Her work and activism uses a feminist political ecology lens to critically engage with the continent’s and global food systems, challenging neoliberal models of agrarian transformation and amplifying the revolutionary work of small-holder farmers of Africa —the majority of whom are women—as well as rural agrarian movements offering concrete anti-capitalist alternatives to the ecological, economic and democratic crisis facing the continent. Nyambura is a founder of and convenes the African Ecofeminists Collective. Mamello Sejake has been snatching edges, practising black magic, dropping gems like a careless jeweller and giving bigots the middle finger since 1991. If they were a bumper sticker it would read “tardy”. If they were movie genres, they’d be a kick-ass Black feminist Afrofuturistic fantasy series with an adventurous pro-dominatrix named Hunter and, a rom-com about everyone’s favourite friend who has terrible taste in lovers. If they were a plant, they’d be fiery as African poison ivy and enduringly intense like a black tulip. If they were colours they’d be candy red, yellow and warm shades of lavender. Audacious. Outspoken. And compassionate. If they were birds, they’d be as curious as a songbird with a pear green back and as comically clumsy as a loon with a deep peacock green neckline.
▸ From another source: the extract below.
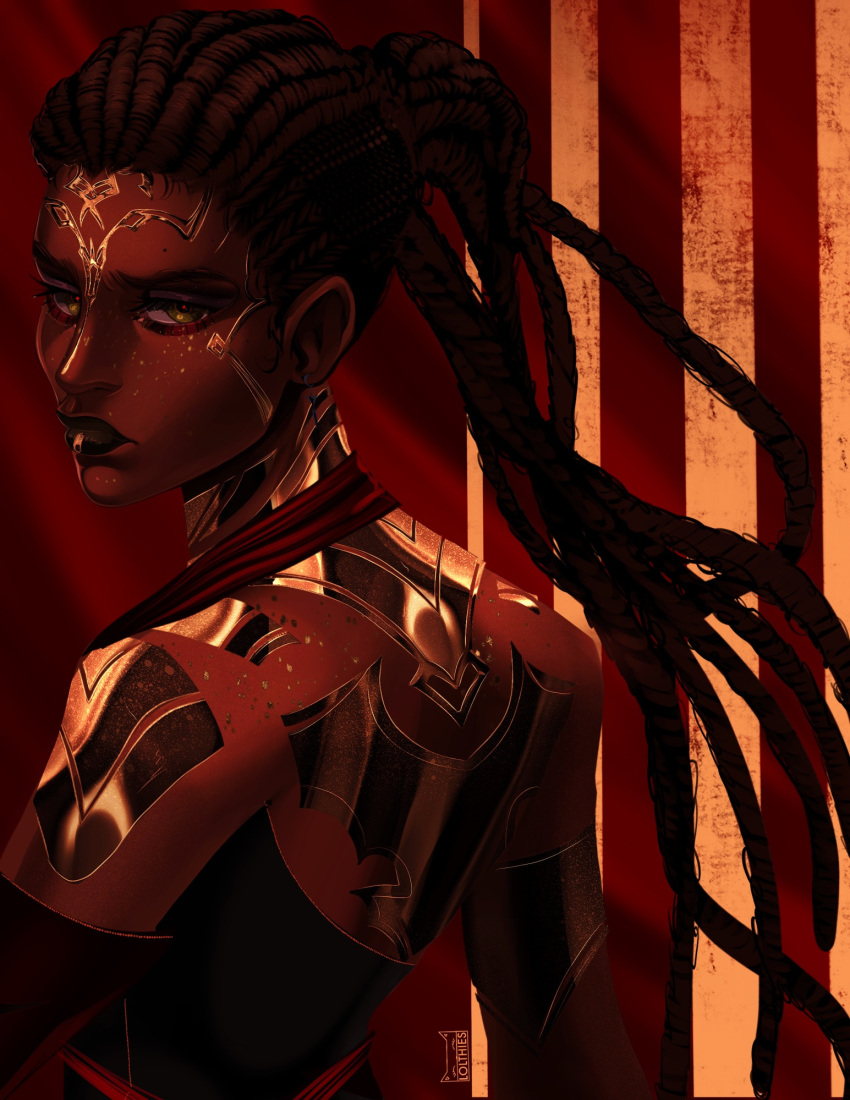 1girl, arcane:_league_of_legends, braid, gold, lolthies, long_hair, looking_at_viewer, mel_medarda, red_background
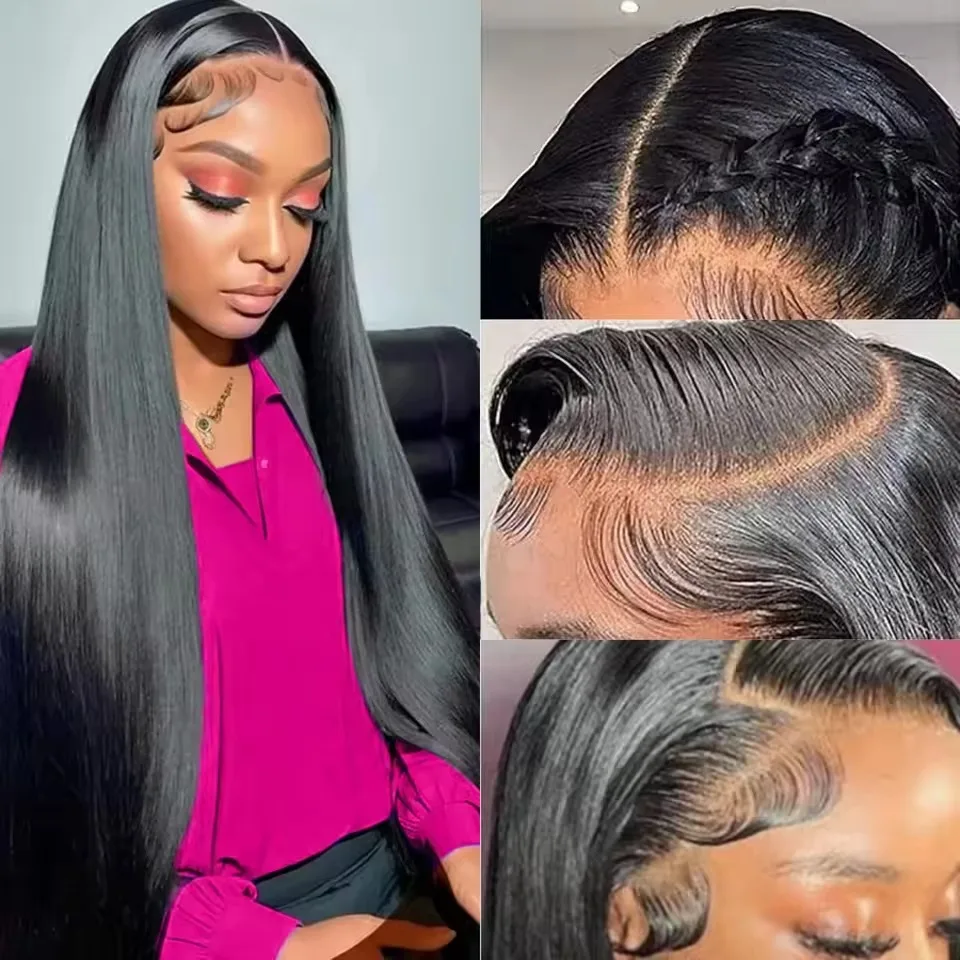 

30-дюймовые прямые парики из натуральных человеческих волос с HD прозрачной кружевной передней частью, плотность 250%, натуральный черный цвет, для женщин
If they were a photo, they’d be Grace Jones in the 1987 Sun Country Tropical Cooler print ad. If they were songs, they’d be Macy Gray’s Beauty in The World and Wildcookie’s Touchy Touchy. Or Baz Luhrmann’s Wear Sunscreen. The Mau Kilauea’s Tropical remix. Obviously. Tshiamo Tiger Maremela, also known as A VERY COOL TIME, is a non-binary Johannesburg-based artist and strategist using the internet and new media to make sense of the world. Maremela’s multi-disciplinary practice includes music
production and DJing, collage-making, writing, photography, and video art. They are interested in exploring digital behaviour in post-colonial urban territories, the parallels and intersections of offline and online spaces, socio-political disruption through screen- and internet-based organising, the effects of digitality on identity, and the aesthetics and contextual landscape of
African digital art. ‡ Consisting of Youlendree Appasamy and Wairimu Muriithi, No
Sweetness Here is a zine-making duo based in Johannesburg,
New York and wherever else life takes them. They started working together through Ja. Magazine, and they recently curated Making a Feminist Internet: The e-Zine, commissioned by the APC Women’s Rights Programme. Wairimu and
Youlendree work as feminist writers, editors, curators and researchers, and you can find some of their work on GenderIT,
Down River Road, Mail & Guardian and Popula.